中部国際空港系統の特急も名鉄岐阜、あるいは犬山線の新鵜沼からなどなら所要時間も運行距離も長いが、名駅始発空港行きの「ミュースカイ」が日中毎時1本あり、全区間の所要時間はたった28分。機械式車体傾斜による時速120キロの高速運転のため速いが、営業距離は39.3キロで40キロにも満たない。昼間以降は神宮前〜空港間ノンストップで完全に空港輸送に徹している。
 
また、常滑線には一部特別車の名鉄岐阜から中部国際空港への「特急」も30分ヘッドで走る。

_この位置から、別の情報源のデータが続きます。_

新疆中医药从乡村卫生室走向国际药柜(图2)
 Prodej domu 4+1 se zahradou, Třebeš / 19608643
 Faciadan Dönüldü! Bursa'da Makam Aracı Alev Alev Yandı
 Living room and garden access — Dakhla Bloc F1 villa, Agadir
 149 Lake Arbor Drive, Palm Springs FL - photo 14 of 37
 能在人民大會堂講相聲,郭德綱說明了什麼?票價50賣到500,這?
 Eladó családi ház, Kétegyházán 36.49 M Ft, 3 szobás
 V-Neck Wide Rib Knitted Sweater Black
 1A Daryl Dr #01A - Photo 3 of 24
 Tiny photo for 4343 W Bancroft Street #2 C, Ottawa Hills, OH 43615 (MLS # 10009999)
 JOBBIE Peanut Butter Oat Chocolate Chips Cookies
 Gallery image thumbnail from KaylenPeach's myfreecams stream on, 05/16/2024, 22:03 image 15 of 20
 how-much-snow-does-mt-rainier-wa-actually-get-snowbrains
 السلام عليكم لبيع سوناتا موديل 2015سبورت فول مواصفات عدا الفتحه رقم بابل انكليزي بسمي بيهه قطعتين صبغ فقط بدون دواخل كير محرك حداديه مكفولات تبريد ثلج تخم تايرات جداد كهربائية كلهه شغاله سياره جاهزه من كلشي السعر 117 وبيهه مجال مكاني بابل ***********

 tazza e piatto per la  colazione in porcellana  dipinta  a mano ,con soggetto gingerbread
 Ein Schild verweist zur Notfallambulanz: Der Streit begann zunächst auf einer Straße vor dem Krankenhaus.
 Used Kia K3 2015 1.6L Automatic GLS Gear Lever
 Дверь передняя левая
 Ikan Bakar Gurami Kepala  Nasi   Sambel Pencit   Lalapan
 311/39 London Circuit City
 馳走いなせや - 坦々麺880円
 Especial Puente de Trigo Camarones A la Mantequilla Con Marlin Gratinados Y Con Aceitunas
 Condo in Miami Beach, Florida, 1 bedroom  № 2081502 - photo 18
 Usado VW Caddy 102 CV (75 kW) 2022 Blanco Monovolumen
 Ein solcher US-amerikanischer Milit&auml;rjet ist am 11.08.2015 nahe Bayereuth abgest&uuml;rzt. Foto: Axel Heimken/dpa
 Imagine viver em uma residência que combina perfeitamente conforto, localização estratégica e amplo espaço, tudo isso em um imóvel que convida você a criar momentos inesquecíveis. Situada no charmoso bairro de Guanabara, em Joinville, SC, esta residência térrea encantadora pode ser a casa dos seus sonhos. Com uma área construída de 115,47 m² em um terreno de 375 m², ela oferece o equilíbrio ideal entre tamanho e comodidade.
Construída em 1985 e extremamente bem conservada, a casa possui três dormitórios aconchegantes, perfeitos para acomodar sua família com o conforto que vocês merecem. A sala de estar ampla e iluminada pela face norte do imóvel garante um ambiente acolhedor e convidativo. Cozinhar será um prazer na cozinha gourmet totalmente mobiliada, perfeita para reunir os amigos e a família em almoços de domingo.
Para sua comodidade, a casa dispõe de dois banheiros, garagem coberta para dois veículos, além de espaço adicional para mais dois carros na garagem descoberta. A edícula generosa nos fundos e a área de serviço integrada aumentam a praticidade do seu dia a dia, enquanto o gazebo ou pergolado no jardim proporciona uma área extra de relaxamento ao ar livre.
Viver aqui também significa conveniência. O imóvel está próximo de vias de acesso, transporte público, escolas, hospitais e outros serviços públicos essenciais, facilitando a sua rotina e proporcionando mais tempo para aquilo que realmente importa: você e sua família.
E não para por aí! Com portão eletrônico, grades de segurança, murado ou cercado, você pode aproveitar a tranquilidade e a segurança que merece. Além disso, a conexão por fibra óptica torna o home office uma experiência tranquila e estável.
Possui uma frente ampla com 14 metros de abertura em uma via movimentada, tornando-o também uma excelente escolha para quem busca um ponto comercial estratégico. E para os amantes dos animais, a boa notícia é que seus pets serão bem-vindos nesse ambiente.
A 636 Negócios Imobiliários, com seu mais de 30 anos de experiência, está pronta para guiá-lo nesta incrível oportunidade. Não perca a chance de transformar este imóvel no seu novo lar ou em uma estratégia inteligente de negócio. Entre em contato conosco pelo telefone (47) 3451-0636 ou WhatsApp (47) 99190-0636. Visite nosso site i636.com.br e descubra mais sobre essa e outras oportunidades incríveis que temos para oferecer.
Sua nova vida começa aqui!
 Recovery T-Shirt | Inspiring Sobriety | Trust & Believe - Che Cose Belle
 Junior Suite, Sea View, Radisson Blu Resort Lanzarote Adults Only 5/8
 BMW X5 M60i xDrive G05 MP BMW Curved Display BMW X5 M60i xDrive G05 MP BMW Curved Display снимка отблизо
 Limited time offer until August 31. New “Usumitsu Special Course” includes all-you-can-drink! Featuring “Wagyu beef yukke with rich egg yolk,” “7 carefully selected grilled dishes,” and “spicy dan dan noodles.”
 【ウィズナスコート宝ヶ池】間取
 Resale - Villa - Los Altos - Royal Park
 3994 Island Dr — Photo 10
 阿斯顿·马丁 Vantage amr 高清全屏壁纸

「ミュースカイ」がノンストップとなる区間でも太田川・尾張横須賀・新舞子・常滑と停車駅が多いが、名駅と空港を37分で結ぶ。
 
以上、名鉄名古屋から南東方向への特急を紹介してきたが、名鉄名古屋から北へ向けては名鉄岐阜(一宮経由)、新鵜沼や新可児(犬山経由)、佐屋(津島経由)へ一部特別車特急やミュースカイの設定がある。
 
名駅からの距離は・・・・・
・名鉄岐阜へは31.8キロ29分(阪神間に似ている)
・一宮へは18.4キロ15分(茨木市や高槻市のようなものか)
・新鵜沼へは30.1キロ33分(神戸線程度の距離)
・新可児へは43.1キロ52分(距離は短いが広見線内を走る距離が長くて遅い)
・犬山までは28.2キロ25分(所要時間が最速の頃の神戸線と同じ)
 
津島に至っては17.3キロで21分しかかからない。流石に津島へは夕ラッシュ時を除き特急は走らなくなったしニーズも無さそうだし、岐阜方面も名鉄そのものの利用が減っている。しかし、それなりに利用されている犬山線を見ると、神戸線程度の距離でも着席ニーズがある。ロングシート(名鉄では転換クロスシートも多いが)の無料列車一辺倒では掴めない需要がある。
 
(6)「名鉄脳」で阪急を考える
 
ここで京都線というより阪急全体の話になる。前記事の泉北ライナーや名鉄特急を見ていると、京都線ばかりか神戸線でも着席保証サービスが必要な気がしてきた。
 
現状の阪急神戸線も意外と速くて好きだが、三宮止まりであろうと岡本・六甲などの為にこういった列車を走らせるのも悪くないし、西神中央へ直通すればなおさら必要だろう。最大の利用が西宮北口とそこでの支線乗り換え客とはいえ、もっと阪神間輸送に注力してほしい。いや、名駅から近い国府宮や岩倉に一部特別車特急が止まるくらいだから西宮北口ですらニーズはあるかもしれない。
 
もちろん、観光地・京都を抱える京都線にはなおさら「一部特別車特急」が必要なのはいうまでもない。
 
もしも「一部特別車特急」だけで満員御礼になるなら、ラッシュ時や行楽期には定期・臨時を問わず梅田の1号線や堺筋線、神戸線発着などの「全車特別車特急」をホームライナー的に走らせる必要もある。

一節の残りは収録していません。